Когда Андерсен-Нексе приехал в Москву на первый советский писательский съезд, он воскликнул с трибуны: «Мы в сказочной стране, в прекрасной стране пролетариата. Это значит – мы в царстве ребенка!» Кроме того, старый Мартин призвал собратьев по перу не забывать о слабых и неудачливых и неизменно выступать в защиту всех тех, кто «все равно по каким причинам не может поспеть за нами» – думается, что это его высказывание было воспринято большинством аудитории с иронией. Но в полном согласии со своим скандинавским коллегой заносил в записную книжку Платонов размышления о том, как «в СССР создается семья, родня, один детский милый двор, и Сталин, отец или старший брат всех, Сталин – родитель свежего ясного человечества, другой природы, другого сердца». Отношение к Сталину – не самое интересное в этой цитате. Важнее другое: в ней выражена во многом новая тональность отношения Платонова к действительности в целом, тональность, ставшая затем господствующей в его творчестве. Он постепенно отходит от своих великих гротесков, где страдание, надрыв и надсада были перемешаны с яростно утверждавшей себя непокорностью ума и чувства, и все более склоняется к своеобразной страдальческой резиньяции, смиренному вслушиванию в мир в надежде отыскать в нем утраченное человеком счастье. И платоновские герои, пролетарии и дети – они идут, держась за руки, друг друга согревая и утешая, – обретают счастье «в стране бывших сирот» – по мере сближения их автора с соцреалистической эстетикой в конце 30-х годов. О единении детей и взрослых в стране пролетариата и красных командиров много писал Гайдар, в прозе которого (особенно в «Военной тайне») порой звучит красивая, тревожная и едва ли не мистическая интонация. Так на советском материале мог бы написать Новалис, отвлекись он на время от поисков голубого цветка романтической чистоты и средневекового цехового братства в пользу голубой чашки социалистической целокупности.

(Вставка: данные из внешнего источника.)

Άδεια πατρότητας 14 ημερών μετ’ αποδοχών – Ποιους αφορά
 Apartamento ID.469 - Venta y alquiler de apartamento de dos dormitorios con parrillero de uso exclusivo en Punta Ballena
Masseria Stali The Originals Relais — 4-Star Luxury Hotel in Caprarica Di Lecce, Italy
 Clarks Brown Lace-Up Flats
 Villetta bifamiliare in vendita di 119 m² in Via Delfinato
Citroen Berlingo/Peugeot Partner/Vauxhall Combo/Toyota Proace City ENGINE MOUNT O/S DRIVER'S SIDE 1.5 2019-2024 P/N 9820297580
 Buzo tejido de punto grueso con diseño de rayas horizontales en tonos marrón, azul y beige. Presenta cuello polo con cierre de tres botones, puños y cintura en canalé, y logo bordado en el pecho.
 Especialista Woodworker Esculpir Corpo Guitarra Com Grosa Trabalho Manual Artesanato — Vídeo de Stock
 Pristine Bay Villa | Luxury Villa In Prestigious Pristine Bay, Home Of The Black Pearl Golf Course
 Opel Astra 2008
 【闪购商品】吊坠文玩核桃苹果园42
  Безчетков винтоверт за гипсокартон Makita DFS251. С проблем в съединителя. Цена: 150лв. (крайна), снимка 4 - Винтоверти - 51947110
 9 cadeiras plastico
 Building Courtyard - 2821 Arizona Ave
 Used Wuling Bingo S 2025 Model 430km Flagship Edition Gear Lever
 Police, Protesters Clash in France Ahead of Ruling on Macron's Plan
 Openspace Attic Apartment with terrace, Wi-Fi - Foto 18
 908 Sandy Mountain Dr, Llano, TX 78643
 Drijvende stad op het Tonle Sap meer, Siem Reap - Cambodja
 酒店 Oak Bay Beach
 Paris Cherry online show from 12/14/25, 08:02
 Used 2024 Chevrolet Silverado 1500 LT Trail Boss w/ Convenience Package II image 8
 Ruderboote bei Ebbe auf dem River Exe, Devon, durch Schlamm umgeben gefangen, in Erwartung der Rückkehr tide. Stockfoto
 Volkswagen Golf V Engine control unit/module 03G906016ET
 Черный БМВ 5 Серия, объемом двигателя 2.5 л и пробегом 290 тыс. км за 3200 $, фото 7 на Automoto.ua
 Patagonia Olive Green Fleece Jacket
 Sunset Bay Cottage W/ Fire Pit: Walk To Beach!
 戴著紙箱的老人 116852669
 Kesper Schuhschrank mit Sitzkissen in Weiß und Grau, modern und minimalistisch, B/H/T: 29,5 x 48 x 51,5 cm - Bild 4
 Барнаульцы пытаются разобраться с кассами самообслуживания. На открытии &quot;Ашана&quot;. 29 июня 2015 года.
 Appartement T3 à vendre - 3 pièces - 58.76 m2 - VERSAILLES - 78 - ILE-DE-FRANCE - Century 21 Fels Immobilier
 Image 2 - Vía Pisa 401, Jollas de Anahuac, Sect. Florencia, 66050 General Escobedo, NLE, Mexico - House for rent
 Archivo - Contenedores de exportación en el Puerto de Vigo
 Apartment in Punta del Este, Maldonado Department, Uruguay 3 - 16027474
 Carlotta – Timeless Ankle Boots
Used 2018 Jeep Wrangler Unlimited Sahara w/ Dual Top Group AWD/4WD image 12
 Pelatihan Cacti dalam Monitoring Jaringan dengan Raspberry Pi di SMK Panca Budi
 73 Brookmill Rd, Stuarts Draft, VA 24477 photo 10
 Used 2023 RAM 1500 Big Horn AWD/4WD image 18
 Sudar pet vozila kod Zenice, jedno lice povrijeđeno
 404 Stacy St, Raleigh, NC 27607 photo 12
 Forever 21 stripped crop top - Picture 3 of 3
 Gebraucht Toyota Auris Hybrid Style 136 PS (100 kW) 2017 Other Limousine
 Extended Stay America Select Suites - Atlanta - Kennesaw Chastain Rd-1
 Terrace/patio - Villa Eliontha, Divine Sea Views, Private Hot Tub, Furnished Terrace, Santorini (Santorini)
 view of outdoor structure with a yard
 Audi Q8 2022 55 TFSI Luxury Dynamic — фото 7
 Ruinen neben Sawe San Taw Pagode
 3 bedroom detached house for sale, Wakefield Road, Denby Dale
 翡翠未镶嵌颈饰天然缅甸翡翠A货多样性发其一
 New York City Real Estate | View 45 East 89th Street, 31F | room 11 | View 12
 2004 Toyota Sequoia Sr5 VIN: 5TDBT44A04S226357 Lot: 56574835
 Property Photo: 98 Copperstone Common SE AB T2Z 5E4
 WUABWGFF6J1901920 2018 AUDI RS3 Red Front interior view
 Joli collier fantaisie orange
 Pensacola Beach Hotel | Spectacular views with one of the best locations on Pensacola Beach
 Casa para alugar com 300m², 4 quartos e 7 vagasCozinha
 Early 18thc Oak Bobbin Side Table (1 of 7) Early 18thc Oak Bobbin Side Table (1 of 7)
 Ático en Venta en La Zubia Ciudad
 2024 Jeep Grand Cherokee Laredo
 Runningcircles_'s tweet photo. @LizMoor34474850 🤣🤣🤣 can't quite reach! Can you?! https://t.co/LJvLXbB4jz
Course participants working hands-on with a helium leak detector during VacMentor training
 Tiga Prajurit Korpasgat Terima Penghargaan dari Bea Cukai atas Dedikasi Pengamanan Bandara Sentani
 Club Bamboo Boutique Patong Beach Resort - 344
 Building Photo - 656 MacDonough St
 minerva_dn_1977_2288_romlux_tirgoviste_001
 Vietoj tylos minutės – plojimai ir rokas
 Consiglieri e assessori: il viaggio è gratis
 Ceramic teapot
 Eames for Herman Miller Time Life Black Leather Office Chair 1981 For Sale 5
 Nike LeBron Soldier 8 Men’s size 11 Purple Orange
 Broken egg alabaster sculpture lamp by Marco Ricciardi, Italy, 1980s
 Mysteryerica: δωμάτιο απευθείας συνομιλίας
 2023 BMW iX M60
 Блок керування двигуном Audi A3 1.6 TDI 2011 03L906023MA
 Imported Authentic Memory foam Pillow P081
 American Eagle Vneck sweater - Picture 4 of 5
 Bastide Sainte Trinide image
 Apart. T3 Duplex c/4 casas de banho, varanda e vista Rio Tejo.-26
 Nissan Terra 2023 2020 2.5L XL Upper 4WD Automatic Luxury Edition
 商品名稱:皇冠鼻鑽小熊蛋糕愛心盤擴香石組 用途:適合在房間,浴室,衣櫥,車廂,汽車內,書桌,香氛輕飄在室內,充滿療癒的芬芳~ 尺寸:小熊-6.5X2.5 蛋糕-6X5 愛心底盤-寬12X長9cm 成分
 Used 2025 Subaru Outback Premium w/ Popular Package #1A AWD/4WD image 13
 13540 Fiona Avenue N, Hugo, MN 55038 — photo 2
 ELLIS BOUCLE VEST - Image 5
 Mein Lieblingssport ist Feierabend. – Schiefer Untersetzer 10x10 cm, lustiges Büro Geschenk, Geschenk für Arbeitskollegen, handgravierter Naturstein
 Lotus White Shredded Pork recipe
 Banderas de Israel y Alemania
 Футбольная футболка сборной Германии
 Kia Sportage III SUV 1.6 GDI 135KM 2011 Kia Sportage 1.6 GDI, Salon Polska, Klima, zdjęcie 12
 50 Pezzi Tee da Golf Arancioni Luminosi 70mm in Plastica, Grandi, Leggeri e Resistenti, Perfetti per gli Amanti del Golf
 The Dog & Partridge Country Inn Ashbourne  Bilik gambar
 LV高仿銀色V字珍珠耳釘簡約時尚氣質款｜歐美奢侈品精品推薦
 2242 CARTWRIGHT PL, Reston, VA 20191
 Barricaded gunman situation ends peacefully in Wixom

Новое счастье и новое видение пролетариата как класса не только политически авангардного, но прежде всего глубоко и нередко драматически мыслящего и чувствующего было художественно найдено наиболее значительными и интересными советскими писателями к середине 30-х годов. Именно тогда невероятно возросла массовидность жизни с ее обобществлением собственности, колхозами, коммунальными квартирами и коммунистической партией, комсомольскими ячейками, пионерскими лагерями, общежитиями и трудовыми коммунами, ОСОАВИАХИМом, МОПРом и «творческими союзами», концентрационными лагерями и бригадным методом работы в лагерях. Восприятие новой действительности как предначертанной и безвариантной могло вызвать надлом, или восторг, или и то и другое зараз, когда вдруг внятным становится дух мировой музыки вместе с рождающейся из него трагедией, и кругом, освещенные вспышками молний, летают валькирии времени и судьбы, и телеологически плывут из предыстории в историю эпохи и континенты, и видимо далеко во все стороны света, а твое возможное робкое несогласие заранее включено во всеобщий распорядок и имеет быть «снятым» в каком-то неведомом диалектически-всеохватывающем синтезе. Эти настроения были нередко связаны с утопической мистерией единого социалистического человечества, советским фаустианством, советским вагнеризмом. Творимый на глазах у всего мира социализм в отдельно взятой стране, в сущностном плане опередившей все другие страны, уподоблялся музыке, грозной симфонии, песне судьбы, не только не исключающей антитез, борьбы и страданий, но даже требующей их.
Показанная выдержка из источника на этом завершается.